DATASET EXCERPT:
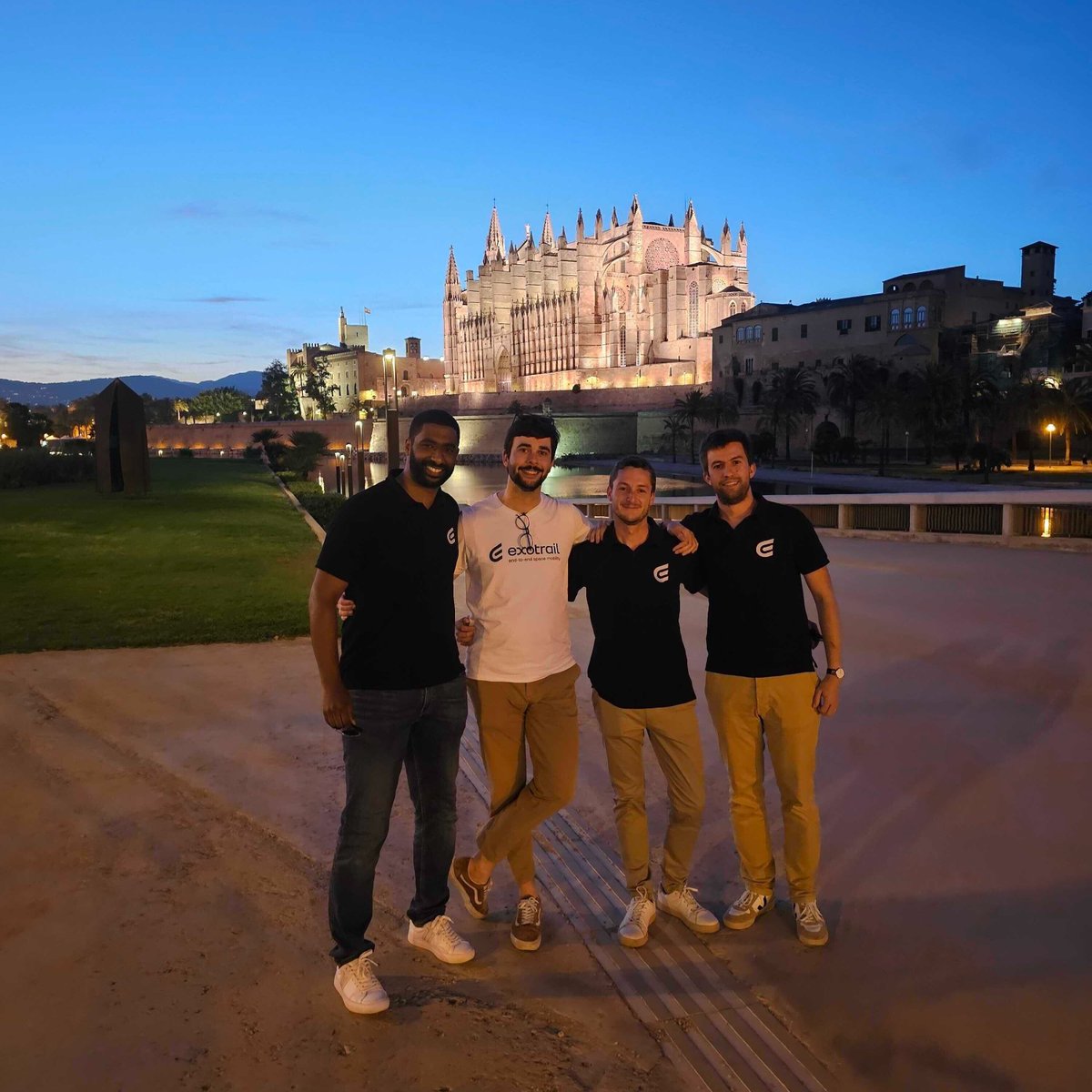 New technology will transform how we use space 🛰 

As you can see our team is very glad to be in Palma de Mallorca at the #4SSymposium! 

This edition focuses on #space transformation: sounds like a great opportunity to talk #mobility and #logistics in space🤝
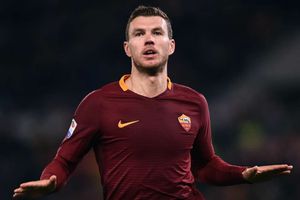 Chelsea's offer for Dzeko 'not acceptable' - Monchi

AIM OF THE EXERCISE:
The whole listing above must be returned exactly as written, with no pictures carried over.

ANSWER:
 New technology will transform how we use space 🛰 

As you can see our team is very glad to be in Palma de Mallorca at the #4SSymposium! 

This edition focuses on #space transformation: sounds like a great opportunity to talk #mobility and #logistics in space🤝
 Chelsea's offer for Dzeko 'not acceptable' - Monchi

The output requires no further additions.